O exame com janela de detecção mínima de 90 dias é obrigatório em três situações: para obtenção e renovação de CNH nas categorias C, D e E; na admissão e demissão dos motoristas empregados; e na metade do prazo de validade das CNHs. No primeiro caso, começa a valer dia 2 de junho de 2015; no segundo, em março do ano que vem; e no terceiro, em agosto de 2018.
A CNTA solicitou ao governo que o custo do teste não recaia sobre o profissional.

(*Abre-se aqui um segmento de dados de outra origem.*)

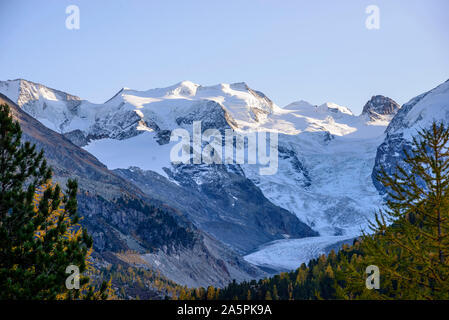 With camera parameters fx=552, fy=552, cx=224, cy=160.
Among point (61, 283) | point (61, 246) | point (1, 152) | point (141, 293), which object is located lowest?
point (141, 293)

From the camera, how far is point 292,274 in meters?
126

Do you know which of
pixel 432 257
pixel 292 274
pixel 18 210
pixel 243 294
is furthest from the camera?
pixel 292 274

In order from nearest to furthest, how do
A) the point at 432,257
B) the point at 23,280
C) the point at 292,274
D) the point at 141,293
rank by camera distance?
the point at 432,257 < the point at 23,280 < the point at 292,274 < the point at 141,293

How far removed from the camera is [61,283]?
24.0m

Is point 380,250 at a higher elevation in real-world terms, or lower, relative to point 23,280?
higher

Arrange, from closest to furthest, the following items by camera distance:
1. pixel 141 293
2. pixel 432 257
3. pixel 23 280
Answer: pixel 432 257 → pixel 23 280 → pixel 141 293

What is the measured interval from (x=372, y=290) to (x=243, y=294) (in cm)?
9390

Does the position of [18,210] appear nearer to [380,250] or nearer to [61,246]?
[61,246]

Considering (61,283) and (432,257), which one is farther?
(61,283) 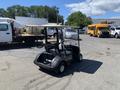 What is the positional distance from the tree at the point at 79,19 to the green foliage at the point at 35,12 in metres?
10.9

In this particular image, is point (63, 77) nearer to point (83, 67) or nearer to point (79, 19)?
point (83, 67)

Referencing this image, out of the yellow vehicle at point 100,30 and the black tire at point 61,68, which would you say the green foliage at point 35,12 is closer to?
the yellow vehicle at point 100,30

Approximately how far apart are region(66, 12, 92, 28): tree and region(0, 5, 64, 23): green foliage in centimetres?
1087

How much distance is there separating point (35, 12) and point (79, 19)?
89.9 ft

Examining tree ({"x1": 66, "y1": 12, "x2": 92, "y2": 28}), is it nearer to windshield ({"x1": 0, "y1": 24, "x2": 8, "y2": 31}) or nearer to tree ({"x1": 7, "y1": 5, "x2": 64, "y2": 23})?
tree ({"x1": 7, "y1": 5, "x2": 64, "y2": 23})

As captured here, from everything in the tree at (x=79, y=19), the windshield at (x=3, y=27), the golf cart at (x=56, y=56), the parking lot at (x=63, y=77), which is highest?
the tree at (x=79, y=19)

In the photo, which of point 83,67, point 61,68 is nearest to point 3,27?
point 83,67

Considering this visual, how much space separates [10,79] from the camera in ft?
25.7

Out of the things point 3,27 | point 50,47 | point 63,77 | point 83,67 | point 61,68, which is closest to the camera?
point 63,77

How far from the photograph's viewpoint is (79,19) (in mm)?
66125

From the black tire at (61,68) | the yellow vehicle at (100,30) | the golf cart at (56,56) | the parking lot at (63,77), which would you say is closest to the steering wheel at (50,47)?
the golf cart at (56,56)

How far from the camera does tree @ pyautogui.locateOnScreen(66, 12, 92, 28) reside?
63.8m

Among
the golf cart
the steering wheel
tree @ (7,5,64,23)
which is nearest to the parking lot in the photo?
the golf cart

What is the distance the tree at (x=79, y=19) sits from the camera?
63.8 metres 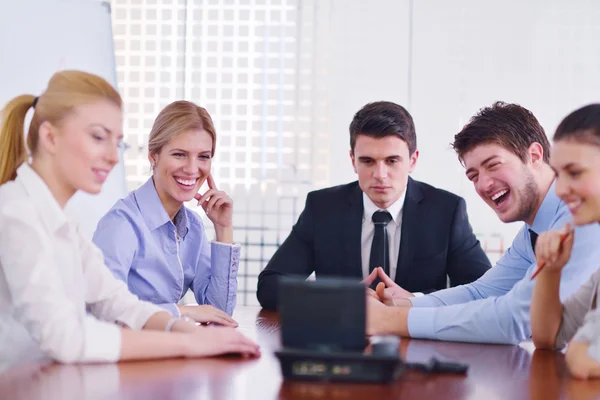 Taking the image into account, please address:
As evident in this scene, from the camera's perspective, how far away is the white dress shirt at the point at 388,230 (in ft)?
10.8

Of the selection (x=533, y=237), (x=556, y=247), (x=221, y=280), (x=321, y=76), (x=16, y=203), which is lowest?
(x=221, y=280)

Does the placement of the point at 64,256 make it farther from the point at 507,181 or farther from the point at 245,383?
the point at 507,181

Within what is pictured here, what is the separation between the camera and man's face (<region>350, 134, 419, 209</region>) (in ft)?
10.5

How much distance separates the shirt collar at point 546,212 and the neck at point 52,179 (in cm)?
159

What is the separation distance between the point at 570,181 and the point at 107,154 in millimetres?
1037

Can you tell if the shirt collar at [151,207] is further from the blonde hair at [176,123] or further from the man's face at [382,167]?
the man's face at [382,167]

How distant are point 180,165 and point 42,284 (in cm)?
134

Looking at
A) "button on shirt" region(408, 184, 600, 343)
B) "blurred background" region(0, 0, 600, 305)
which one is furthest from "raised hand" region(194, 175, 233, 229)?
"blurred background" region(0, 0, 600, 305)

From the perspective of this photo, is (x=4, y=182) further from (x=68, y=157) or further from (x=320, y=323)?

A entidade diz que o exame custa R$ 360. E, no site www.cntabr.org.br, criticou os laboratórios. “A CNTA alerta que é uma ação discriminatória impor essa condição (exame) apenas aos profissionais do setor, que juntos somam quase dois milhões e meio de transportadores”. A entidade ressalta também que esta medida pode ser resultado da influência dos laboratórios e setores da medicina, junto aos políticos, para obter vantagens às custas dos trabalhadores, diz a nota.
O Ministério da Saúde também se mostrou contra o exame. No dia 27 de fevereiro sugeriu à presidente Dilma Rousseff que o vetasse, mas não foi atendido. O parecer alegava que o teste não identifica “risco imediato de o motorista profissional dirigir sob influência de drogas e outras substâncias psicoativas, nem proporciona medida de intervenção imediata”.
Do outro lado, o presidente da Associação Brasileira de Laboratórios Toxicológicos (Abratox), Marcello Santos, diz que a entidade está estudando qual medida adotar em relação ao descredenciamento dos laboratórios. “A suspensão do credenciamento nos pegou de surpresa. Os laboratórios investiram R$ 50 milhões para atender à demanda dos caminhoneiros”, afirma.
Ele alega que o exame, feito num fio de cabelo, não custará mais que R$ 280. E que, sem dúvida, é um passo importante para a contenção do uso de drogas na boleia. “Ao contrário de outros exames, o do cabelo consegue detectar a utilização de drogas por até mais de três meses”, explica.
Para ele, o Ministério da Saúde está correto ao dizer que o exame não detecta risco imediato de uso de drogas. Mas argumenta que o objetivo não é esse. “O uso de droga é recorrente, muitas vezes de maneira crescente. No Brasil, os caminhoneiros são submetidos a condições bastante duras de trabalho. Cada ponto de parada é um ponto de tráfico. O uso recorrente de substâncias deve ser um impeditivo para habilitação de motoristas, principalmente dos que dirigem veículos de maior porte.”
Santos ressalta que o objetivo do exame não é saber se o motorista está sob efeito de droga no momento, mas identificar um padrão de comportamento para o médico do órgão do trânsito decidir se concede habilitação ou não. O profissional pode ficar temporariamente inapto para dirigir. O presidente nega que a obrigatoriedade do exame, que já constava da Lei do Descanso (12.619), seja uma medida aprovada pelo Congresso por lobby dos laboratórios. “Foram ouvidos diversos setores da sociedade.”